Intuition for definition of product topology (Topology: A categorical approach)

Question

We want to put topology on a set $X$ formed by union of many other topological spaces indexed by $X_{\alpha}$ $$X = \prod_{\alpha \in A} X_{\alpha}$$

We can take the product topology on $X$ is defined to be the topology generated by the basis $B=\{ \prod_{\alpha \in A} U_{\alpha} | U_{\alpha} \subset X_{\alpha} $ is open and all but finitely many $U_{\alpha} = X_{\alpha} \}$

I can't seem to understand the "open and all but finitely many" part. Could someone break down what the book is saying a bit more?

Answer 1

It just means that all $U_{\alpha}$ have to be open, but only finetely many of them can be anything other than $X_{\alpha}$.

For for example if you have an infinite product $\mathbb{R}^{\mathbb{N}}$ a product like

$(0,1)\times (-1,2) \times \mathbb{R} \times (1,2) \times \mathbb{R} \times \mathbb{R} \times \cdots$

will be open, because only the first, second and fourth sets in the product are not $\mathbb{R}$ and the rest is. On the other hand something like $(0,1) \times (0,1) \times \cdots$ isn't open because infinitely many of the intervals are not $\mathbb{R}$.

I hope it is clear.
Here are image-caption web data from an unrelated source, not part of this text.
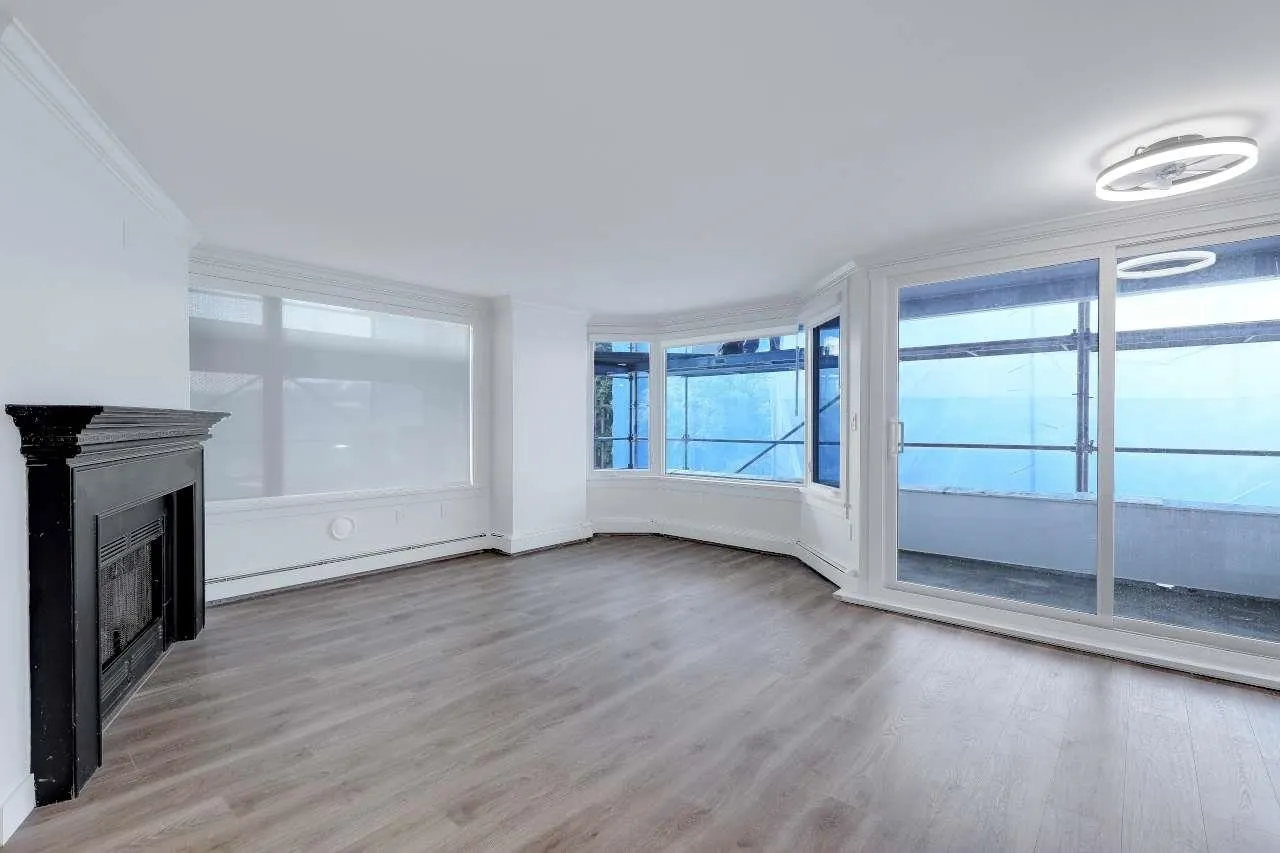 15111 Russell Avenue #309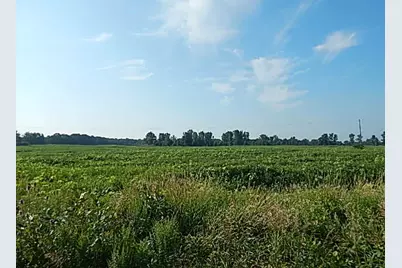 1611 E Hyde Road, Saint Johns, MI 48879 - Photo 4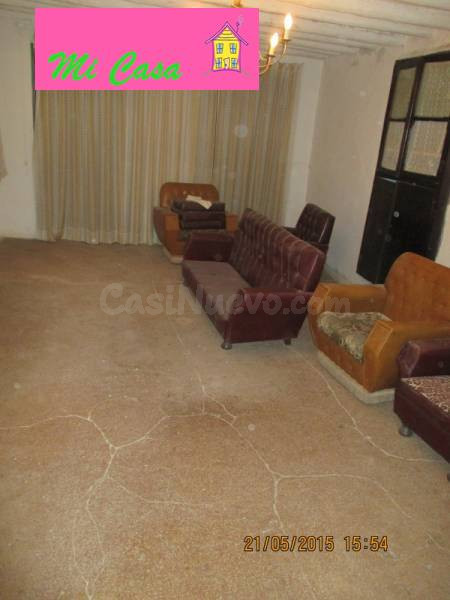 IDEAL PARA CASA RURAL,MUY GRANDE Y CON MUCHO CORRAL PARA JAR - foto 2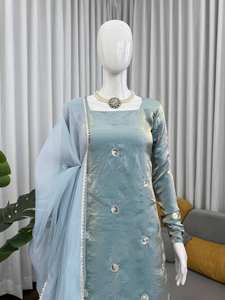 Ensemble Kurta en soie Fandy bleu clair pour femme avec palazzo et dupatta - Product Image 4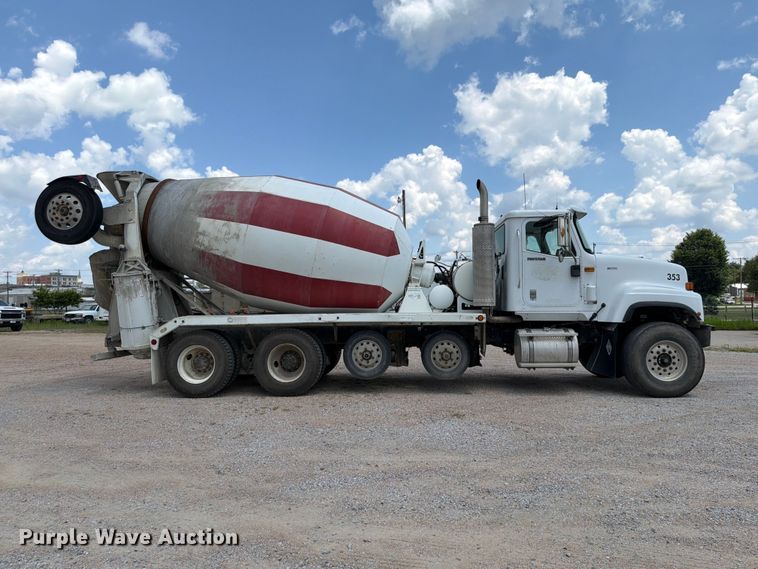image for item FK3515 2013 International Paystar ready mix truck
It is actually fairly simple once you realise what the "all but finitely many" means.

Answer 2

We say $E\in \mathcal{B}$ if and only if it equals a product $E=\prod_{\alpha\in A}U_{\alpha}$ such that each $U_{\alpha}$ is open in $X_{\alpha}$, and such that the set of indices $\{\alpha\in A\,:\, U_{\alpha}\neq X_{\alpha}\}$ is a finite set.

More generally, suppose we have a statement $P(\alpha)$ for each $\alpha$. We say $P(\alpha)$ holds for all but finitely many $\alpha$ in $A$ if and only if the set $\{\alpha\in A\,: \, \neg P(\alpha)\}$ is a finite set (that's literally the translation into symbols of the phrase "for all but finitely many"). For example, if the index set $A$ is finite, this always happens, so this phrase is something you only have to worry about when $A$ is an infinite set.